Perempuan Di Ambang Pilihan

Ilustrasi "Perempuan Di Ambang Pilihan" [BP2M/Alya]
Ilustrasi “Perempuan Di Ambang Pilihan” [BP2M/Alya]

Oleh : Yosef Gunawan

Siapakah yang tidak pernah membuat pilihan dalam hidupnya? Jika ada, itu hanyalah omong kosong. Sebab hidup pada dasarnya merupakan suatu rangkaian pilihan dalam kategori ruang dan waktu. Manusia dalam eksisitensinya pernah, sedang, dan akan membuat pilihan. Pilihan selalu berkaitan erat dengan kebebasan untuk memilih sekaligus bertanggung jawab atas pilihan itu. Edit Stein, sang filsuf Jerman mengatakan “hidup ini merupakan rangkaian pilihan dan perjuangan. Perjuangan yang terus menerus untuk menunjukkan harapan.”

Kenyataan inilah yang menginspirasi kita untuk memandang hidup tidak lain adalah rentetan perjuangan untuk memilih dan mengaktualisasikan harapan dari sebuah pilihan. Meskipun terkadang pilihan datang dengan wajah ganda, antara pasti dan tidak pasti. Ia menciptakan pusaran dilematis yang membuat siapa pun sulit untuk memutuskannya. Bak memakan buah simalakama, demikianlah pilihan itu hadir di hadapan kita (Lilijawa, 2010). Meskipun demikian, sudah menjadi tugas kita untuk memilih. Pilihan yang kita buat mencerminkan jati diri kita di hadapan orang lain, menjadi wujud keunikan dan keistimewaan diri yang lahir dari pergulatan panjang demi memenuhi kebutuhan jiwa dan raga.

Berkarir Atau IRT

Berkarir atau menjadi ibu rumah tangga (IRT) merupakan fenomena riskan yang kerap dihadapi oleh kaum perempuan dari dulu hingga sekarang. Dua opsi tersebut menimbulkan perdebatan yang panjang antara dua kubu besar yakni kelompok reformatif dan konservatif. Bagi mereka yang menginginkan reformasi, sudah saatnya perempuan berkiprah dalam dunia kerja layaknya kaum laki-laki. Perempuan berhak mengemban suatu karir karena dalam dirinya mengandung potensi yang sama seperti laki-laki. Tidak ada yang berbeda antara kemampuan dasariah laki-laki dan perempuan. Selain itu, hal ini juga dipandang sebagai usaha untuk memupus sirna segala determinasi subordinasi termasuk belenggu stereotip “orang lemah” dan “orang dapur” yang disematkan kepada kaum perempuan. Perempuan adalah mahkluk otonom dari berbagai belenggu yang tidak objektif atas keberadaannya.
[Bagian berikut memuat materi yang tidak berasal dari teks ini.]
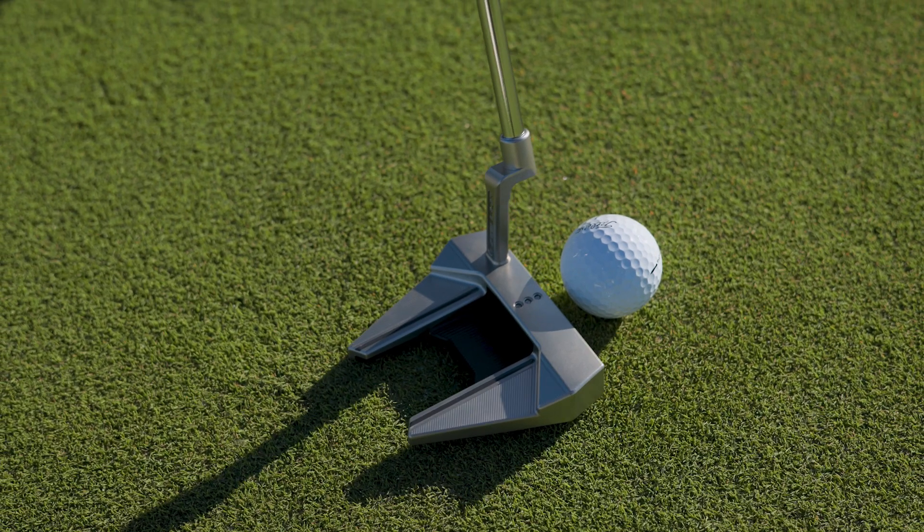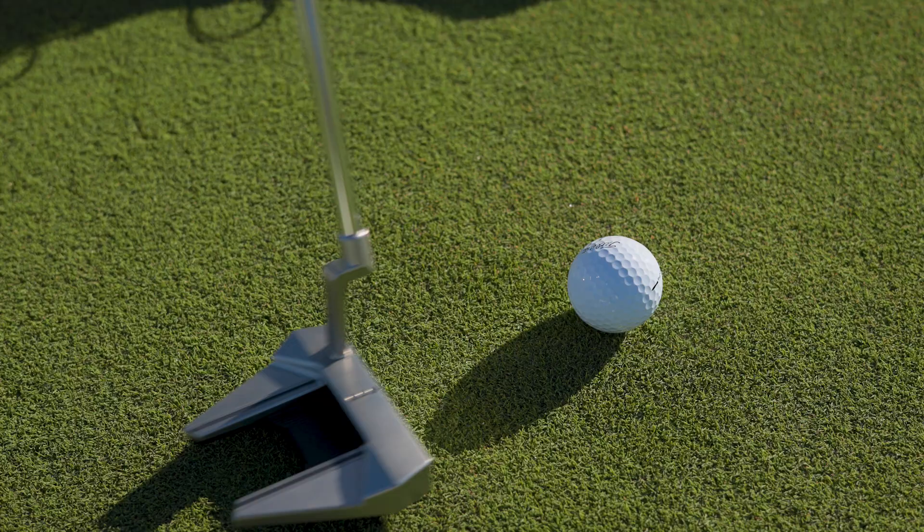MOI, Moment of Inertia, is a measure of a putter's resistance to twisting on off-center hits. It's talked about a lot in drivers, and having a lot of MOI is a good thing in a driver. In a putter, it's helpful as well. Having more mass located away from the center of gravity of the putter is going to make that putter more forgiving.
Sementara itu, kelompok konservatif teguh pada pendiriannya bahwa perempuan harus terikat pada arus malebias (prasangka lelaki) dan culturebias (prasangka budaya) yang menempatkannya tidak sejajar dengan laki-laki. Perempuan tidak apa-apanya jika dibandingkan dengan laki-laki. Mereka adalah yang lemah, tidak berotot, dan tidak berdaya. Tugas mereka hanya sebatas urusan rumah tangga seperti melayani suami, dan mengurusi anak-anak sementara yang lainnya menjadi urusan laki-laki.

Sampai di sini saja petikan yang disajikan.